The simple answer is this: “Disabling the emissions controls brought major advantages, including much better mileage—a big selling point in Volkswagen’s push to dominate in America.”
So wrote the New York Times. That put VW’s actions in the category of deliberate deception. In the light of today’s news stories about how it built its advertising campaign on those deceptions, it becomes egregious fraud, analogous to a Ponzi scheme. They promised—and aggressively sold—what they knew did not exist.
That is an extremely risky strategy for a multi-billion dollar global company. So one wonders why they did it.
Some have speculated that it made those claims while planning and hoping to find the technology that could make it work.

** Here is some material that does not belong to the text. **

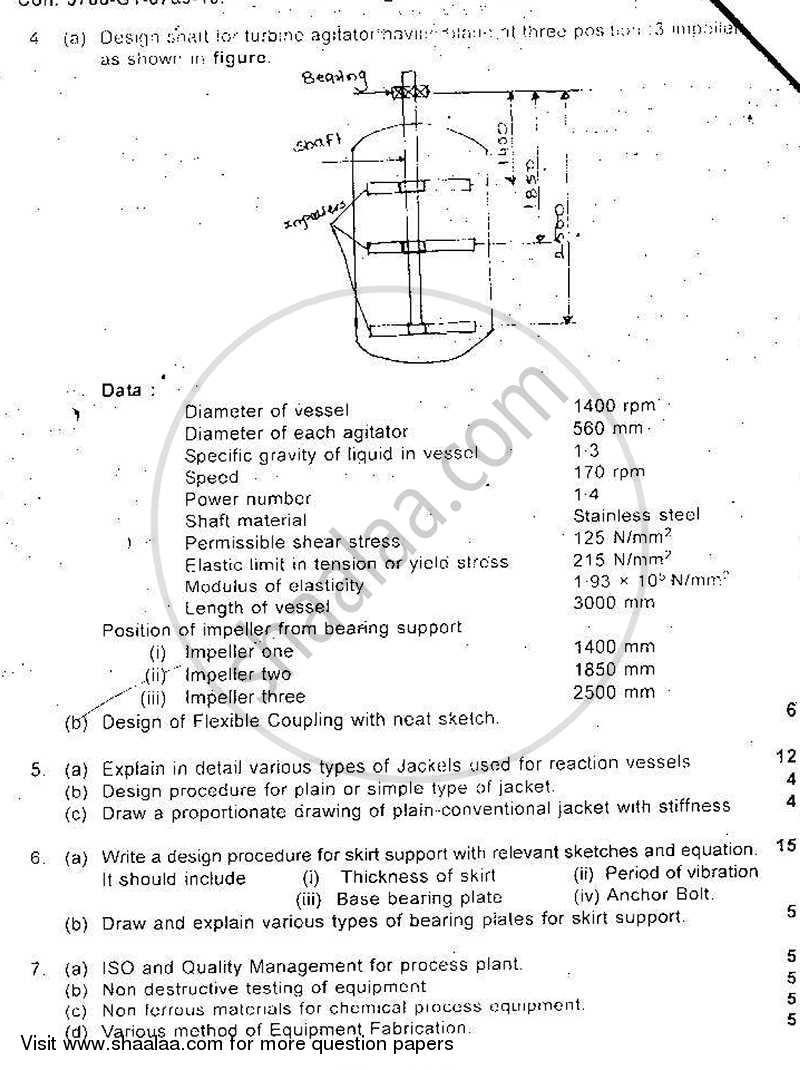 Process Equipment Design and Drawing 2010-2011 - B.E. - Semester 5 (TE Third Year) - University of Mumbai question paper with PDF download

But while that may have been the initial intent, it’s clear that they soon gave up trying to make it work, settling for “defeat technology,” instead, and fraud.

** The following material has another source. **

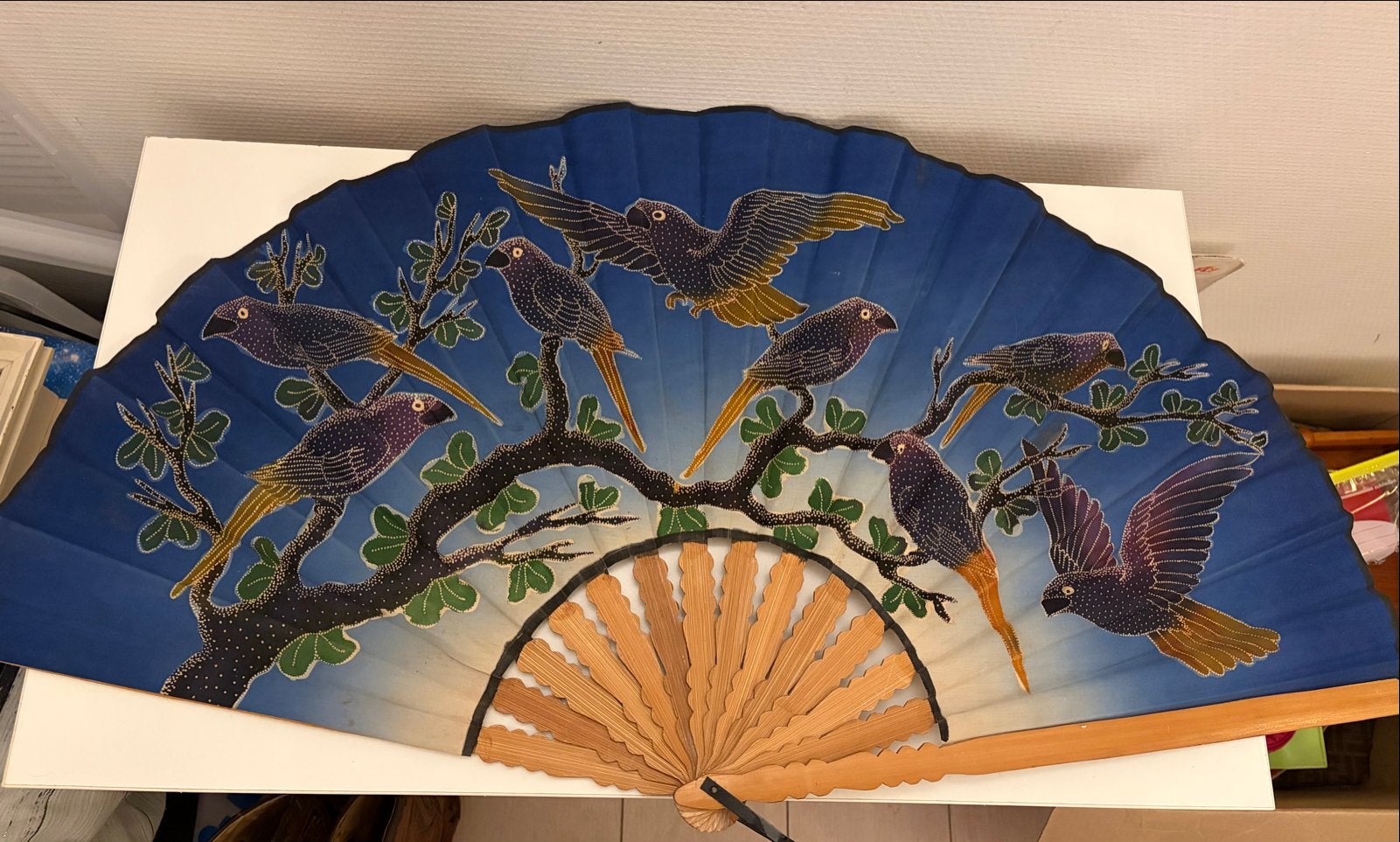 Grote decoratieve waaier met vogels - Oosters design, Ophalen of Verzenden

The Times suggested the motive was their ambition to displace Toyota as the world’s largest auto-maker. That seems more plausible. But whose ambition was that? I doubt that the workers on their assembly lines cared, or even if it mattered to investors, so long as the company turned in a good profit and its share price rose. It must have been the CEO and other top executives who stood to get the credit for a “victory” that would burnish their reputations.

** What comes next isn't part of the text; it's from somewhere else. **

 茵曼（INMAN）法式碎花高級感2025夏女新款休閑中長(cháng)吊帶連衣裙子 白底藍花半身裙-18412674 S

In that case, it was a form of narcissism, but a pathological narcissism built on lies. Or is VW living in another world where ordinary measures of truth don’t apply?
Actually that may be the answer. Background stories that are now coming out about the scandal reveal that European carmakers “are used to getting away with a great deal,” according to The Guardian. “Their trickery is an open secret within the industry.” Volkswagen maintained for years that there was a problem with the testers, not the vehicles, a strategy that may have worked in the past, as lax European regulators left a lot up to the manufacturers themselves. They may have felt invulnerable.
But it is also true that the coherence and integrity of the company may be largely an illusion. Another way of putting this is that there may not be as much “they” as we tend to think when we talk about it. VW may have a legal structure, and it may contain a collection of well-known brands, but, in the final analysis, it may actually be a poorly managed collection of bits. That would be difficult for an outsider to see
It is an unusually structured company, to begin with, responsibility divided among board members elected by shareholders, some chosen by unions, and some by government. Moreover, it is iconic, its identity coming largely from external factors, including it role in German society. Add the fact that it is global with diverse products, we have a recipe for internal conflict and disarray.
In other words, there may be little that actually holds it all together. A fitting analogy in terms of U.S. business might be a bank that’s deemed “too big to fail,” which actually means too big to manage, too sprawling and diverse to be controlled.